When Sigourney Weaver donned her high-tech docker hardware suit for an epic fight to the death with her alien nemesis at the end of the movie Aliens, the film-makers created a convincing representation of a powerful robotic complement to human physical strength and capability. It’s one that relies on the successful implementation of haptic technology, the physical feedback that introduces human sensitivity to control techno-muscle.

While haptics is a term that brings rapture to sci-fi enthusiasts and computer gamers, it’s a technology that matures in fits and starts before emerging into everyday use in forms that are immediately recognisable – like add-ons for computer gaming, or gloves to control devices via 3D virtual reality software. But haptic technology is on its way and there are enough real-world applications for it to provide profitable business at the bleeding edge of high-tech advances. It is the potent key to realistic and useful implementations of 3D virtual experiences.

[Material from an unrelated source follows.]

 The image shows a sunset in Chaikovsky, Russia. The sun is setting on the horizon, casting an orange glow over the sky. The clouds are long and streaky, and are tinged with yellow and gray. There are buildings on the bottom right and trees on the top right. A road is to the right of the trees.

The term ‘haptic’ originates from the Greek word ‘haphe’ which relates to the sense of touch. According to Wikipedia, haptic technology “interfaces the user via the sense of touch by applying forces, vibrations and/or motions to the user. This mechanical stimulation is used to create haptic virtual objects.”

Game players have no need for such dry definitions. They experience it as the resistance they experience from their driving controls when they are in the full throes of a Grand Prix, for example. The difficulty in turning the steering wheel at a tight corner is realistic enough to magnify the illusion of driving and maximise the game player’s engagement.

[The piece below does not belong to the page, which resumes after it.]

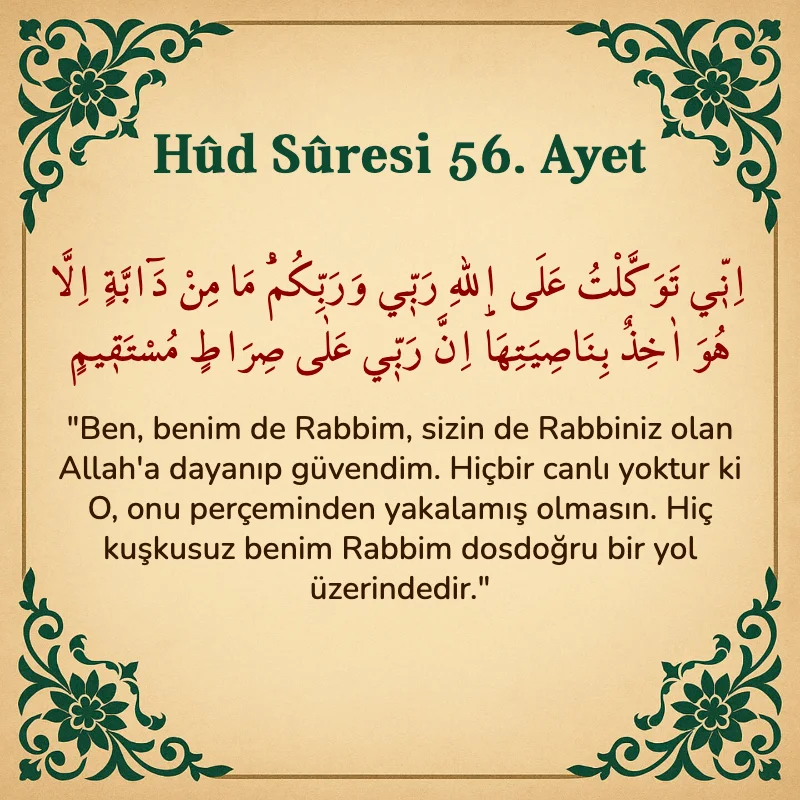 Hûd Sûresi 56. Ayet Arapça ve Türkçe meali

In the gaming context the resistance doesn’t have to be a precise analogy of reality because it is part of creating a powerful illusion, but in emerging ‘professional’ implementations, accuracy and precision are crucial. Medical institutions using the technology to train doctors want the most realistic simulations available, and toymakers ‘sculpting’ their latest creations to be output on a 3D printer have no time for What You See Isn’t What You Get.

A visit to the London premises of Inition, a six-year veteran of the world of 3D creativity (it’s a long time in this area), provides a dynamic and real-life introduction to the full range of virtual technology. Situated between the City and Hoxton, it’s an area teeming with creativity and innovation.

Inition’s basement demonstration area is a technology frontline full of the wow factor, literally in the case of the Philips 42-inch WOWvx ‘intelligent display’. This high definition screen converts 2D television programmes to 3D on the fly, and while the visuals are pretty spectacular, they are not as thought-provoking as some of the more intriguing haptic technologies available here as everyday products.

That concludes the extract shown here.